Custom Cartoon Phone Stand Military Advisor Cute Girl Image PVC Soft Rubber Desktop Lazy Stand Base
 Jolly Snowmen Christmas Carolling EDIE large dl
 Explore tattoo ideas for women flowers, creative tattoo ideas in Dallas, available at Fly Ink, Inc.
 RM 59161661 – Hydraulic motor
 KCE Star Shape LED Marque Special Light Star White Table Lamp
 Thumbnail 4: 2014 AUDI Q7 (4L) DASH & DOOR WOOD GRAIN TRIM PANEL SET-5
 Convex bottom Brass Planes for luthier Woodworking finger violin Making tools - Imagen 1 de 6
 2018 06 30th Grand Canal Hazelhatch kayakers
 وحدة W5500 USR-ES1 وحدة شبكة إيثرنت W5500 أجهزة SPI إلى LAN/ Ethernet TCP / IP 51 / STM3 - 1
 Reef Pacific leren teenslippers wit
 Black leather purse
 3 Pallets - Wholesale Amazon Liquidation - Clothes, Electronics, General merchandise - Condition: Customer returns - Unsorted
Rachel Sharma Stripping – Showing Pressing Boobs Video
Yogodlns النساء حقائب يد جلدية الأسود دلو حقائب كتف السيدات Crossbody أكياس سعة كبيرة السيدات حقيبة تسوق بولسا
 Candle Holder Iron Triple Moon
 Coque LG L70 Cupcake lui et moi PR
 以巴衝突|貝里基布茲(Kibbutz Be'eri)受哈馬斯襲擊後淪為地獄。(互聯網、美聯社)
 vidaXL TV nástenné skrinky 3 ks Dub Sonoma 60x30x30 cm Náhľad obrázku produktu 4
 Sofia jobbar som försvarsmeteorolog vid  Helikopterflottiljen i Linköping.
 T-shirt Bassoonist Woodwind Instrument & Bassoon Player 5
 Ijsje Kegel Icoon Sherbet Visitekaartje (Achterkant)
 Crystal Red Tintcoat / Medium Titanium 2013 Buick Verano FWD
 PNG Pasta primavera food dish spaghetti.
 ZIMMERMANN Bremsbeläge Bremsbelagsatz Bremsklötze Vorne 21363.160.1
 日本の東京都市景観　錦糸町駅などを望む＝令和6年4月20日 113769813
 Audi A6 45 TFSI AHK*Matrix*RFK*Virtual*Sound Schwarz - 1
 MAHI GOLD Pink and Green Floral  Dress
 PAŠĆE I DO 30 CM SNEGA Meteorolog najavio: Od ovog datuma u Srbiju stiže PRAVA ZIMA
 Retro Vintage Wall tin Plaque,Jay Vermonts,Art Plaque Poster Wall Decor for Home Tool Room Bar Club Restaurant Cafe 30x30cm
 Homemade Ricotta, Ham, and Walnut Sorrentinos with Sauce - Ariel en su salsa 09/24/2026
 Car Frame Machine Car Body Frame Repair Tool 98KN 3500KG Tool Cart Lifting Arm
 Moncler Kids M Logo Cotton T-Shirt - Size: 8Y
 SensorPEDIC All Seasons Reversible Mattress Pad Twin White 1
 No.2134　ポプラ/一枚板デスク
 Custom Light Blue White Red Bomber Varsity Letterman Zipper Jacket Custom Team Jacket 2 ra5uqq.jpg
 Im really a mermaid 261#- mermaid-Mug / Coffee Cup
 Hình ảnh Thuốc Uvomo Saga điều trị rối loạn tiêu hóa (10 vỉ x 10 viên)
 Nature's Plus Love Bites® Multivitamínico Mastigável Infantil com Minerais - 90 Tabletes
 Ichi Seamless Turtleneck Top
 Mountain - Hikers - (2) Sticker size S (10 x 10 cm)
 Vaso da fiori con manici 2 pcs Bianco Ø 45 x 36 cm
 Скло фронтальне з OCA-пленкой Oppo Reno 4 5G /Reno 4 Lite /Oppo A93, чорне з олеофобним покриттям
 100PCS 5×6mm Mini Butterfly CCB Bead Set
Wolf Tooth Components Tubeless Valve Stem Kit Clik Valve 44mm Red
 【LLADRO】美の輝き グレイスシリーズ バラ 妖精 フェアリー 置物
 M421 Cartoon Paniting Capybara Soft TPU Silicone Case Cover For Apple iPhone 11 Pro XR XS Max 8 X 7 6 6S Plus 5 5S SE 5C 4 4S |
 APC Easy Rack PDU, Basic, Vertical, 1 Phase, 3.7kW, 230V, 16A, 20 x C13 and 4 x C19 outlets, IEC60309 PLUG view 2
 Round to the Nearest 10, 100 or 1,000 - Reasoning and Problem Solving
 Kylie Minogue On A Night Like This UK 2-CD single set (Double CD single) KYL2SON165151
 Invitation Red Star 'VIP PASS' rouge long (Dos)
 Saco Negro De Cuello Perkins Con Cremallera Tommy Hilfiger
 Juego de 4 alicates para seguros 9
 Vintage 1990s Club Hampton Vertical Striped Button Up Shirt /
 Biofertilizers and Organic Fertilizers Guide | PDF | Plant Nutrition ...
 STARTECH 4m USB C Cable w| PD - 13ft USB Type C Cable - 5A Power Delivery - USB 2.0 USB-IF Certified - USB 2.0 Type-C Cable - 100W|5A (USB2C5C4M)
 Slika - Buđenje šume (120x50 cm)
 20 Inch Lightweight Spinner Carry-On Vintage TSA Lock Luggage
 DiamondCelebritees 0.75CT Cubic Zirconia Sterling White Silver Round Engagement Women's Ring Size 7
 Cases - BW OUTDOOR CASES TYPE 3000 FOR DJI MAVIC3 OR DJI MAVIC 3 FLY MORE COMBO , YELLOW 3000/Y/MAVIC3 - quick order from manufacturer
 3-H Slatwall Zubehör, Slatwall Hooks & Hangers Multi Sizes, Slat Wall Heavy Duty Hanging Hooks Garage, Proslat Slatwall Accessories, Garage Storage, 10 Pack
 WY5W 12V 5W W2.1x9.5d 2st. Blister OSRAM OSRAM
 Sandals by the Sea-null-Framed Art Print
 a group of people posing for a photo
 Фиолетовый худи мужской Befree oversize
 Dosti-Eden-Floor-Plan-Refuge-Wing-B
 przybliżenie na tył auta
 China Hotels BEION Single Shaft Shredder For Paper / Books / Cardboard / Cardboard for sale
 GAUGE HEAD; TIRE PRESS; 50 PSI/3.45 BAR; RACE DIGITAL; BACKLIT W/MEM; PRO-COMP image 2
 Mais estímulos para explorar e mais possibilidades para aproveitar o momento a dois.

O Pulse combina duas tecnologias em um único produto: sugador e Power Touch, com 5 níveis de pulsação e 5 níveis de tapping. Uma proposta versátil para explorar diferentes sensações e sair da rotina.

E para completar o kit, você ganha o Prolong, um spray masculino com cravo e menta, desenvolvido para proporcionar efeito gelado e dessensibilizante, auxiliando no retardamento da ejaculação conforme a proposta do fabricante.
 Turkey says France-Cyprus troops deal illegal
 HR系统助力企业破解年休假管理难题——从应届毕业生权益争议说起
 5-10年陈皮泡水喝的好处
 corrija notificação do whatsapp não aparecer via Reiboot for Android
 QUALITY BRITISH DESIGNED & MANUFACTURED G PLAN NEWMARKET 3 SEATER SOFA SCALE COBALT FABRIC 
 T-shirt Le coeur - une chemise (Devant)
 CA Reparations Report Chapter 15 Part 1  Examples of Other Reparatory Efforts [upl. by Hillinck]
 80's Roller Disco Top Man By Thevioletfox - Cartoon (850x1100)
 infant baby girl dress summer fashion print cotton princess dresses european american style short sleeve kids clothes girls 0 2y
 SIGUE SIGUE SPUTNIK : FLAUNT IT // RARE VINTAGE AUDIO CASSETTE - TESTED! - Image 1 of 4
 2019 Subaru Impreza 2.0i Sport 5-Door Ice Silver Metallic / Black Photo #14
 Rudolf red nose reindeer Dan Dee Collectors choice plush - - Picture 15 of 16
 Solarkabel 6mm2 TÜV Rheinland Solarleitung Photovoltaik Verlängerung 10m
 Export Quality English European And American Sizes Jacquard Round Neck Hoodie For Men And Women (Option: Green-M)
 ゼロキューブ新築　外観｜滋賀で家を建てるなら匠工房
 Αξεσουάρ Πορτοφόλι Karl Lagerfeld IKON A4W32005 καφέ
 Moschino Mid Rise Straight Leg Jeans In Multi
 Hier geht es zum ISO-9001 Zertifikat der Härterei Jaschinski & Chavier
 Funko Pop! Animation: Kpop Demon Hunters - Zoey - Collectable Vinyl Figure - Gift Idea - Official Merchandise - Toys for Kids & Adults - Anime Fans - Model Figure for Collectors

◆ ◆ ◆ ◆ ◆ ◆ ◆

▶ [THE PROBLEM]: Only the lines above starting with the one with "Coque LG L70 Cupcake lui et moi PR" and going through the one with "Sofia jobbar som" are to be copied, word for word and with both ends kept.

▶ [OUTPUT OF THE TASK]:
 Coque LG L70 Cupcake lui et moi PR
 以巴衝突|貝里基布茲(Kibbutz Be'eri)受哈馬斯襲擊後淪為地獄。(互聯網、美聯社)
 vidaXL TV nástenné skrinky 3 ks Dub Sonoma 60x30x30 cm Náhľad obrázku produktu 4
 Sofia jobbar som försvarsmeteorolog vid  Helikopterflottiljen i Linköping.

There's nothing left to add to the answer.